The nurse who administered the injection gave evidence that she did not clean the skin prior to administering the injection.  She did not do so because she was following both her training (she quoted from an NHS e-learning module on administering intramuscular injections) and national guidance in the form of a document titled “Immunisation Against Infectious Disease”, which is also referred to as “The Green Book”.  

Chapter 4 of “The Green Book” provides guidance on immunisation procedures.  In relation to cleaning the skin the Green Book states as follows (at page 29):

If the skin is clean, no further cleaning is necessary. Only visibly dirty skin needs to be washed with soap and water.

It is not necessary to disinfect the skin. Studies have shown that cleaning the skin with isopropyl alcohol reduces the bacterial count, but there is evidence that disinfecting makes no difference to the incidence of bacterial complications of injections (Del Mar et al., 2001; Sutton et al., 1999).

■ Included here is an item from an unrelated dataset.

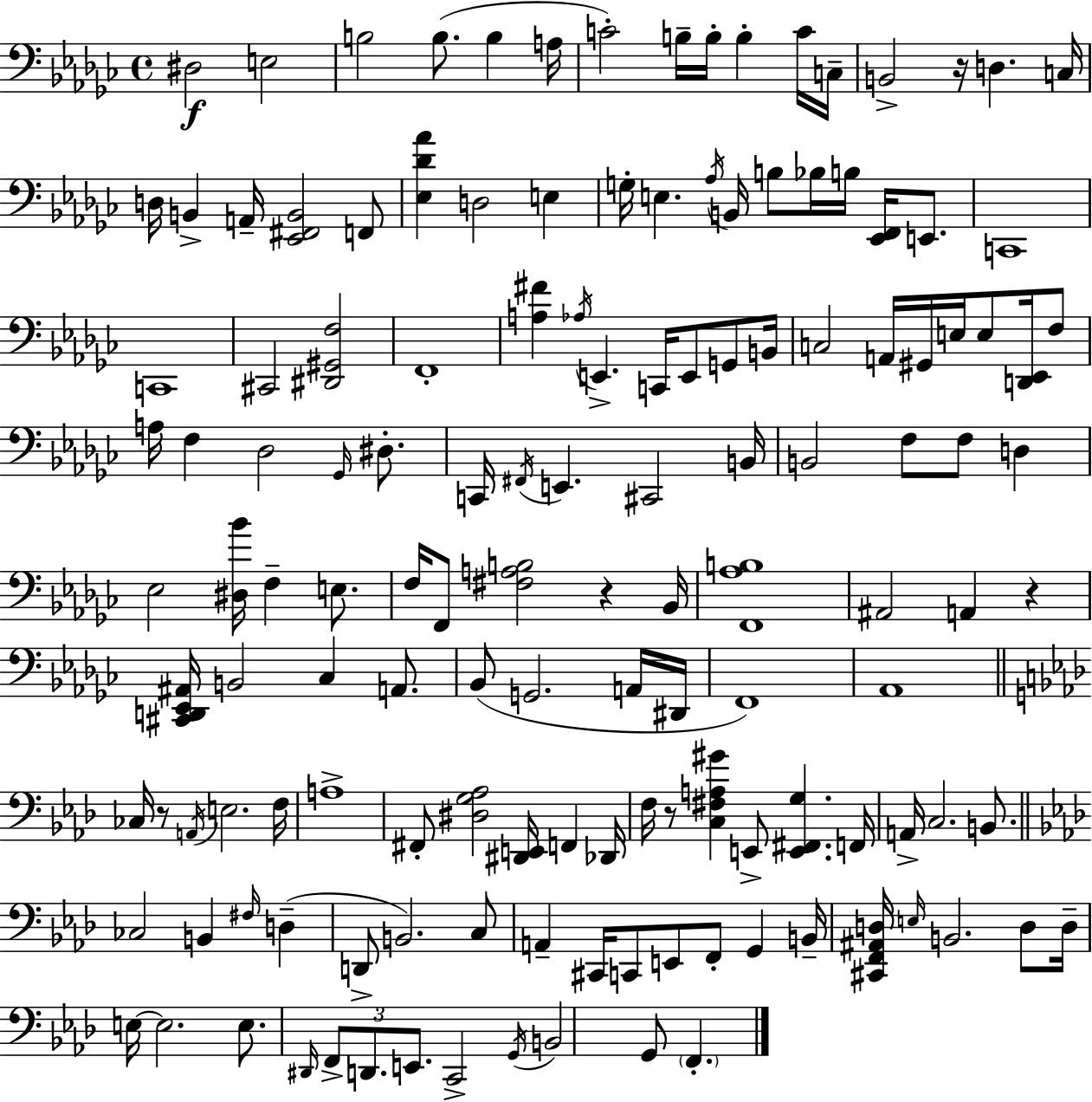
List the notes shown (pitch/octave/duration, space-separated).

D#3/h E3/h B3/h B3/e. B3/q A3/s C4/h B3/s B3/s B3/q C4/s C3/s B2/h R/s D3/q. C3/s D3/s B2/q A2/s [Eb2,F#2,B2]/h F2/e [Eb3,Db4,Ab4]/q D3/h E3/q G3/s E3/q. Ab3/s B2/s B3/e Bb3/s B3/s [Eb2,F2]/s E2/e. C2/w C2/w C#2/h [D#2,G#2,F3]/h F2/w [A3,F#4]/q Ab3/s E2/q. C2/s E2/e G2/e B2/s C3/h A2/s G#2/s E3/s E3/e [D2,Eb2]/s F3/e A3/s F3/q Db3/h Gb2/s D#3/e. C2/s F#2/s E2/q. C#2/h B2/s B2/h F3/e F3/e D3/q Eb3/h [D#3,Bb4]/s F3/q E3/e. F3/s F2/e [F#3,A3,B3]/h R/q Bb2/s [F2,Ab3,B3]/w A#2/h A2/q R/q [C#2,D2,Eb2,A#2]/s B2/h CES3/q A2/e. Bb2/e G2/h. A2/s D#2/s F2/w Ab2/w CES3/s R/e A2/s E3/h. F3/s A3/w F#2/e [D#3,G3,Ab3]/h [D#2,E2]/s F2/q Db2/s F3/s R/e [C3,F#3,A3,G#4]/q E2/e [E2,F#2,G3]/q. F2/s A2/s C3/h. B2/e. CES3/h B2/q F#3/s D3/q D2/e B2/h. C3/e A2/q C#2/s C2/e E2/e F2/e G2/q B2/s [C#2,F2,A#2,D3]/s E3/s B2/h. D3/e D3/s E3/s E3/h. E3/e. D#2/s F2/e D2/e. E2/e. C2/h G2/s B2/h G2/e F2/q.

The evidence that I heard at the inquest included that alcohol wipes are relatively cheap and their use does not give rise to any significant risk. I note that the Green Book states that cleaning the skin with alcohol reduces the bacterial count.  Common sense would seem to suggest that reducing the bacterial count would reduce the risk of bacteria being inadvertently introduced into the deeper tissues during an injection. Whilst it is noted that the Green Book also makes reference to there being evidence that disinfecting makes no difference to the incidence of bacterial complications, it is also noted that the literature quoted is now over 20 years old.    
6ACTION SHOULD BE TAKEN  

In my opinion action should be taken to prevent future deaths and I believe your organisation has the power to take such action.  
7YOUR RESPONSE  

You are under a duty to respond to this report within 56 days of the date of this report, namely by 20 December 2024. I, the coroner, may extend the period.   Your response must contain details of action taken or proposed to be taken, setting out the timetable for action. Otherwise you must explain why no action is proposed.  
8COPIES and PUBLICATION  

I have sent a copy of my report to the Chief Coroner and to the following Interested Person, [REDACTED].
I have also sent it to the GP surgery where the injection was administered, who may find it useful or of interest.  
I am also under a duty to send the Chief Coroner a copy of your response.   The Chief Coroner may publish either or both in a complete or redacted or summary form. He may send a copy of this report to any person who he believes may find it useful or of interest. You may make representations to me, the coroner, at the time of your response, about the release or the publication of your response by the Chief Coroner.